> Provided data
- - - - -

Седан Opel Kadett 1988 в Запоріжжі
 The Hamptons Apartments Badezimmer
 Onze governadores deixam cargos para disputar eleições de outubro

- - - - -

> Task requirements
What must be transcribed is the run of lines from the one containing "The Hamptons Apartments Badezimmer" to the last line of the data above, inclusive, and only that.

> Answer area
 The Hamptons Apartments Badezimmer
 Onze governadores deixam cargos para disputar eleições de outubro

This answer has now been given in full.